C’est dans le décor épuré d’une salle de bal corrézienne, « lieu de fête et de solitude » réunissant à la fois « ceux et celles qui dansent, ceux et celles qui regardent », que l’on retrouve d’abord la jeune Marilyne. Pensée comme une « tragédie drôle », MATCH ! se dévoile en frise chronologique où se succèdent « attentes, espoirs, frustrations, addictions, déceptions » : un témoignage personnel aux observations pourtant universelles, à travers lequel les innocents projets enfantins de la comédienne seront rapidement confrontés aux réalités de la vie parisienne et de ses péripéties amoureuses.

La pièce est la seconde réalisation d’une trilogie imaginée par l’autrice, metteuse en scène, et interprète de la compagnie La sœur de Shakespeare, un projet qui « raconte la façon dont le monde contemporain bouleverse l’intime » grâce à l’exercice théâtral de l’autofiction. Des débuts des sites de rencontres en ligne avec Meetic jusqu’aux swipes de Tinder, en passant par les « séances de shopping » encouragées par Adopte un mec, Marilyne Lagrafeuil livre une prestation aussi touchante que grinçante pour dépeindre les révolutions des amours numériques, « thématique peu traitée artistiquement en dehors du stand-up ».

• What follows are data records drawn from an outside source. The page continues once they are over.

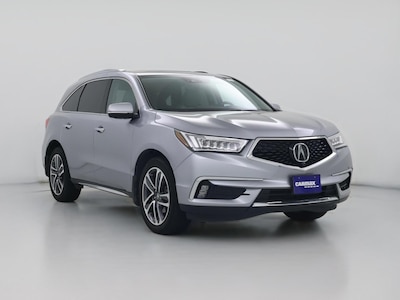 2017 Acura MDX Advance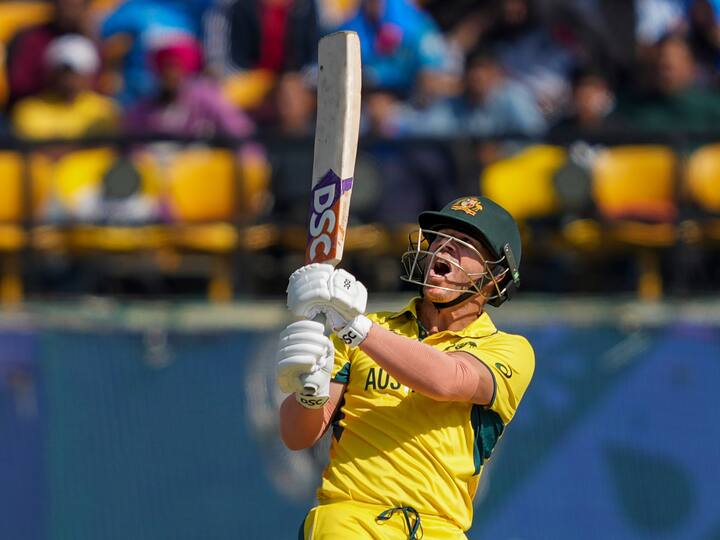 Australia opener David Warner surpassed Virat Kohli in the list of leading run-scorers in the history of ODI World Cups.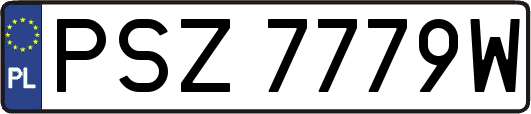 PSZ7779W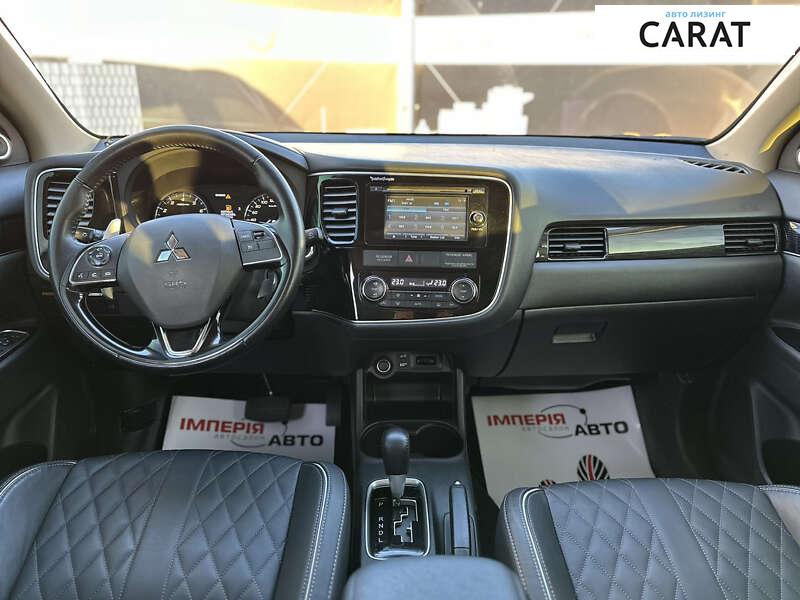 Mitsubishi Outlander 2016 Mitsubishi Outlander 2016
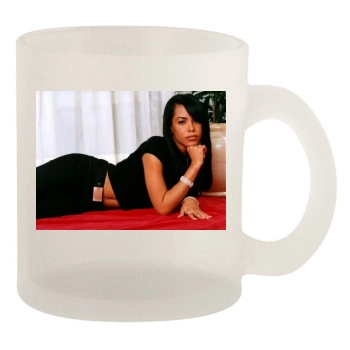 Aaliyah 10oz Frosted Mug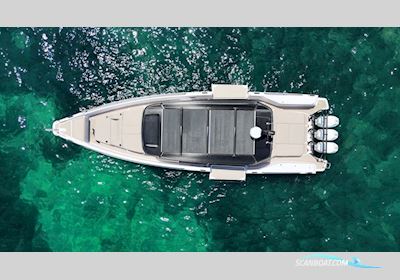 AXOPAR 45 Cross Top Motorbåt 2025, med Mercury Verado motor, Spanien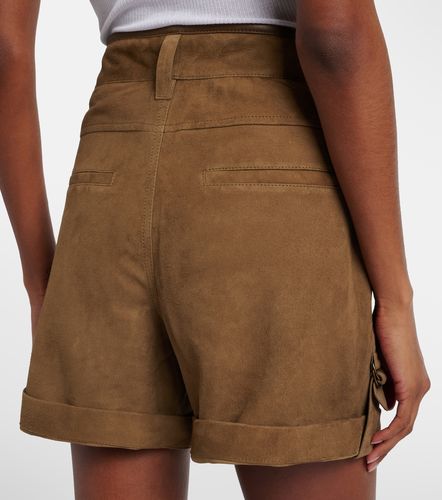 Isabel Marant Marline suede shorts - Isabel Marant - Modalova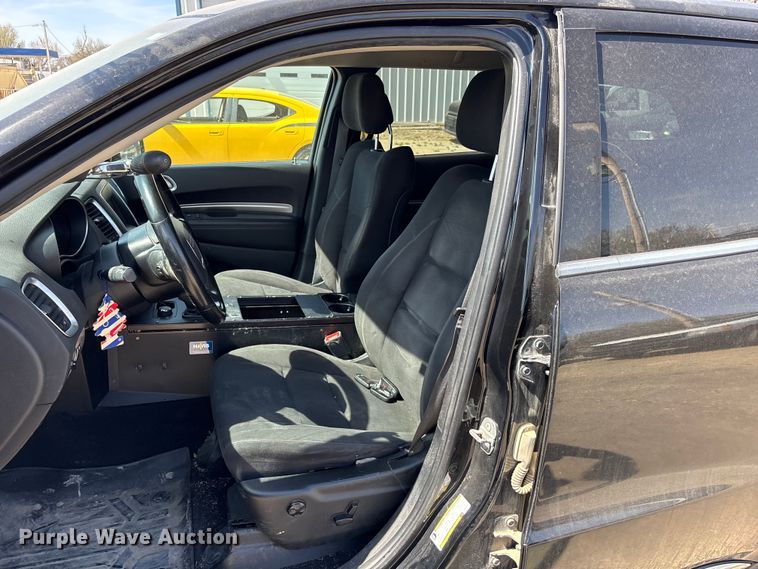 image for item EA4676 2020 Dodge Durango SSV 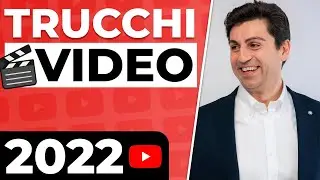 5 TRUCCHI per superare la PAURE di registrare VIDEO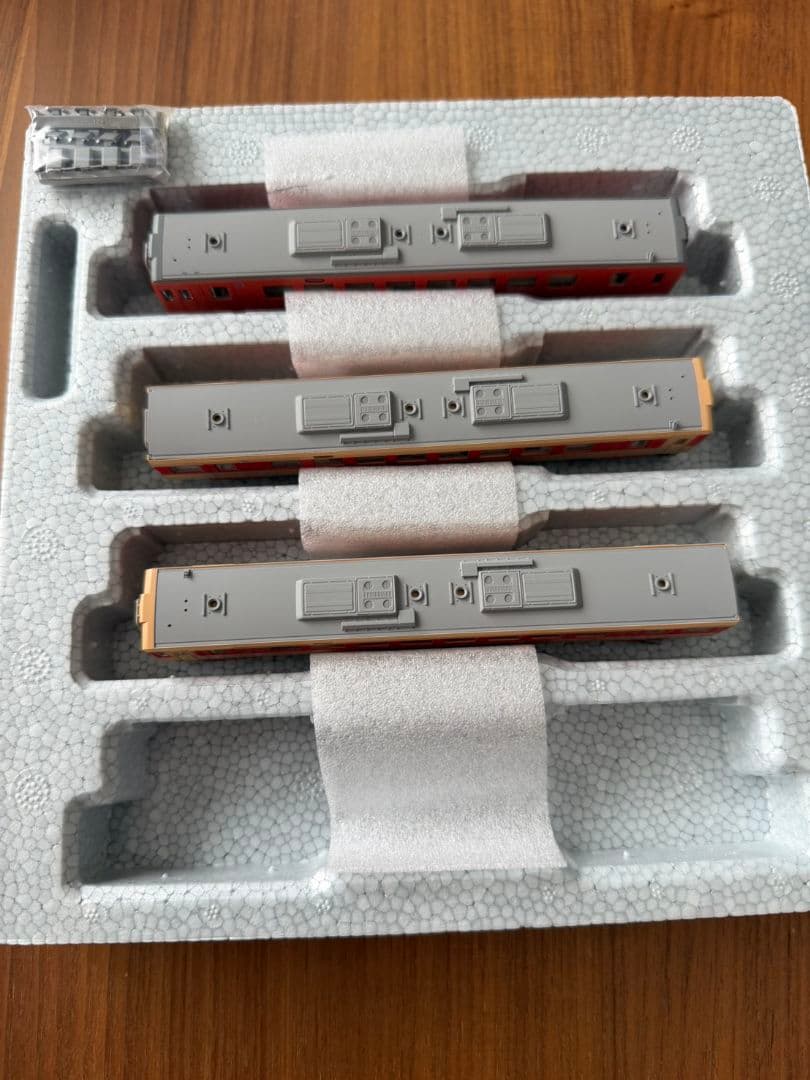 KATO 10-1169 キハ110系100番代国鉄色3両セット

« J’ai voulu m’emparer de ce sujet et le traiter de manière sensible, sans a priori et jugement moral, en partant de ma propre expérience », explique l’artiste. Dans son récit aux constats quasi anthropologiques, Marilyne Lagrafeuil rend compte de « différentes expériences sociales » nées de ses échanges en ligne, comme si elle « enregistrait le monde en le vivant ». Pour elle, « c’est tout le contraire d’un travail sur soi. La valeur collective du “je”, c’est le dépassement de la singularité de l’expérience, des limites de la conscience individuelle qui sont les nôtres dans la vie, c’est la possibilité pour la spectatrice ou le spectateur de s’approprier le spectacle, de se poser des questions ou de se libérer ».

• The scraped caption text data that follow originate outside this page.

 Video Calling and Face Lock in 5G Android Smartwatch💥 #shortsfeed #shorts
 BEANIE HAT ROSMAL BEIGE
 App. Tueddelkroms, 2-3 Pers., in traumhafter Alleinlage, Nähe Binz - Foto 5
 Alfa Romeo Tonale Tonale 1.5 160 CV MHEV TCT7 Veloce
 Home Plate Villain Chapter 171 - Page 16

Bien plus qu’une simple description douce-amère des aléas et des affres des relations hétérosexuelles, MATCH ! interroge des thématiques qui touchent chacune et chacun d’entre nous : le poids des normes sociales et du temps qui s’écoule, le modèle écorné du couple contemporain, la douleur et la libération de la solitude… « Il s’agit de raconter la difficulté d’être vivante ou vivant, sa beauté aussi, les failles, le pathétique, un exercice de vérité possible seulement sur un plateau de théâtre », estime la comédienne, qui s’intéresse à « l’invention de nouvelles formes scénographiques ».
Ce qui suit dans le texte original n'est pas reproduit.